Turasan Kalecik Karası

On its own, for me, the Turasan Kalecik Karası was a little bit of a disappointing drinking experience. While it might not have been my favorite stand along drinking wine; it was a great food wine. It did go pretty well with our dinner of cold pasta salad with grilled vegetables, Greek pork sausage, and white cheese. Not all bad, and cheap (only about 25 TL directly from Turasan).

Turasan Kalecik Karası

Turasan Kalecik Karası 2015 Tasting Notes:

This is a pretty standard Kalecik Karası in the nose with aromas of red berries and candy. The palate is berries, licorice, and black pepper. Fairly well balanced but with something of a cliffhanger finish. One minute it’s there but the next it’s gone.

In the end the Turasan Kalecik Karası is a simple wine that isn’t going going your palate. Also nice drinking for the summer if you’re not quite a rose person (like me).
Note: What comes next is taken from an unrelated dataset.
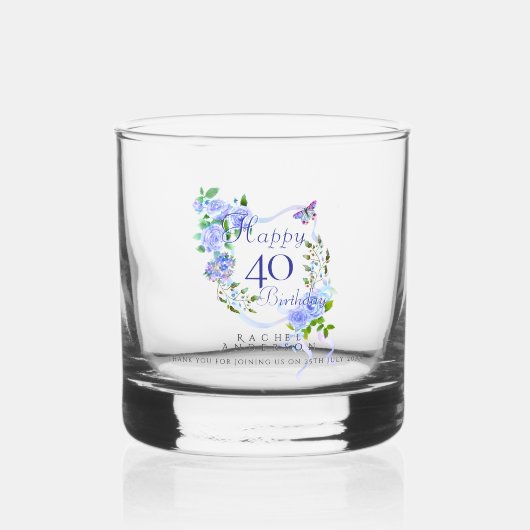 Blauwe Roos Lint 40e Verjaardag Whisky Glas (Voorkant)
This would not be hurt at all by a little chilling before you open it.

Selendi Sarnıç Viognier Chardonnay 2015

In November I attended another wine tasting lead by Şarap Atölyesi’s Murat Mumcuoğlu at the Historic Pano Wine House in Istanbul. We tasted eight wines all by winemakers Paşaeli and Selendi; one of which was the 2015 Sarnıç Viognier Chardonnay by Selendi.

Selendi is one of Turkey’s Aegean wineries located in the Akhisar district of Manisa (outside Izmir). The name of this wine, Sarnıç, is actually the name of the specific vineyard. It is not uncommon for winemakers here to name wines after the villages where the vineyards are.
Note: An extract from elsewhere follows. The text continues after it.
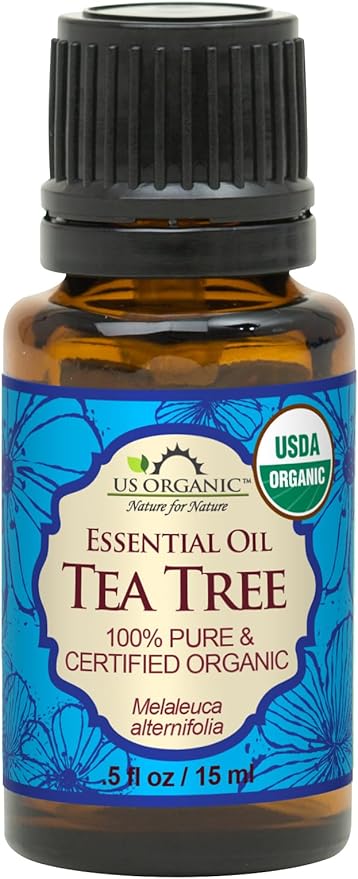 US Organic 100% Pure Tea Tree Essential Oil, Steam Distilled, USDA Certified Organic, for Hair, Skin, Scalp, Foot, Toenails, and More. Sourced from South Africa, Undiluted, Non-GMO (15 ml)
Selendi has three vineyards in Sarnıç (Sarnıç  I – III). It’s in Sarnıç III where they have grown their Viognier and Chardonnay grapes since 2009. While located very near the sea, Sarnıç is not as hot as the surrounding areas. At 850 meters above sea level it is home to a microclimate that makes it cooler than its surrounds thereby providing a longer growing season and more time for the grapes to ripen.
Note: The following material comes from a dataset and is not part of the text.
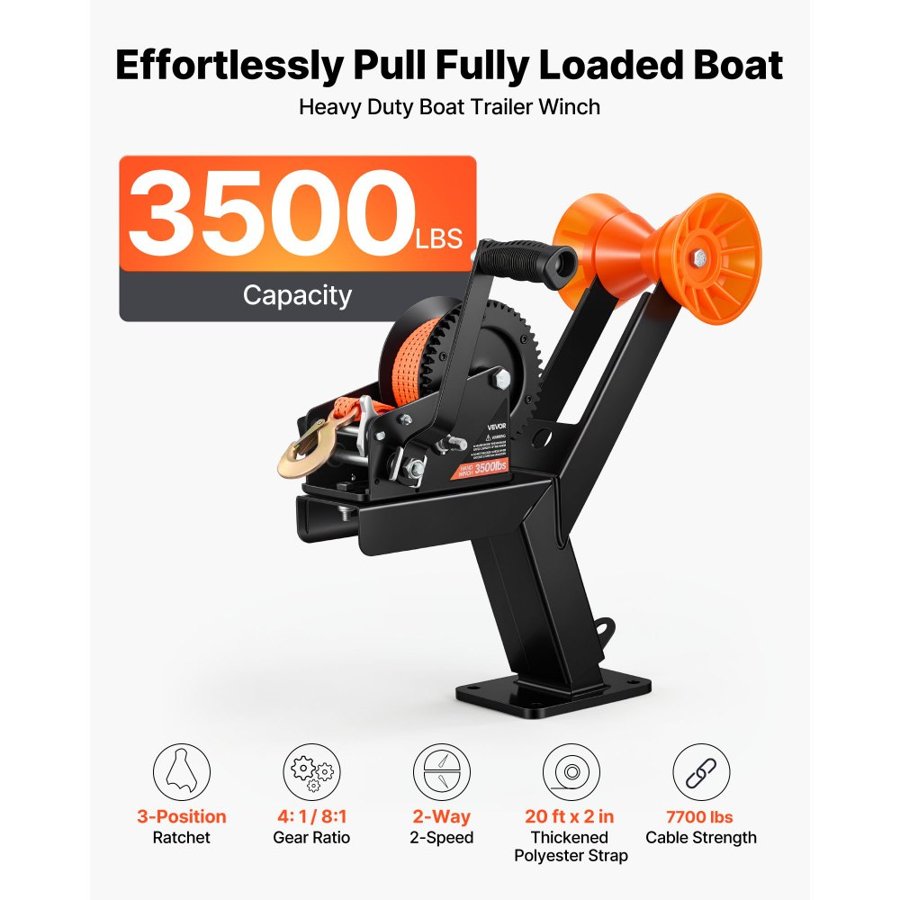 VEVOR Boat Trailer Winch Stand with Roller, 1588 kg, 6.1m Orange Polyester Strap, Boat Winch Mount, for 2-3 Inches W x 3-4 Inches H Trailer Tongue, Fit for Jet Ski, Sailboat, Speedboat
Sarnıç Viognier Chardonnay

Photo by: Vivino

Tasting notes 2015 Sarnıç Viognier Chardonnay:

The Sarnıç Viognier Chardonnay is a blend of 60% Viognier and 40% Chardonnay. The paleness of color speaks to the only small amount of time the wine was oaked leaving the fruit to largely speak for itself. True to its Viognier (better) half it was very aromatic with a lot of fruity and floral notes like citrus, pineapple, and vanilla.

On the palate it’s clean and round with zesty acid and bursting with citrus and vanilla. There’s also a hint of creaminess in the mouthfeel which keeps the higher acid from being too overwhelming.

Chamlija Kalecik Karası 2015

My visit last year to Chamlija’s tasting restaurant near Kırklareli in Turkey’s Thracian wine region was more of a “flying” visit than anything else. However while there I discovered that Chamlija has a much larger range of wines that I was seeing in Istanbul; including the Chamlija Kalecik Karası. 

Since my visit last summer more and more Chamlija wines are easily available in Istanbul. La Cave in Cihangir has an entire wall section for their stock now. And I believe that the Chamlija Kalecik Karası is one of them.

Chamlija Kalecik Karası

Tasting notes 2015 Chamlija Kalecik Karası:

Chamlija’s Kalecik Karası was treated with French oak for six months and will age well for about 10 years. While the oak treatment was not extensive, it really heightened the inherent aromas of the grape. The nose was really quite lovely-black cherry, forest fruits, and chocolate.

On the palate the Chamlija Kalecik Karası showed a lot of earthiness which I didn’t expect at all. My experience with this grape previously has been more of the light weight and bright fruits variety. At 13.5% abv this had a solid, medium body with light tannins. And while it didn’t have much in the way of a finish, the flavors of mulberry, blackberry, and chocolate were quite lovely.

This would probably go really well with tomato-based foods. For whatever reason that I don’t understand, high acid wines want high acid food so tomato-based sauces and pizza would pair really well this!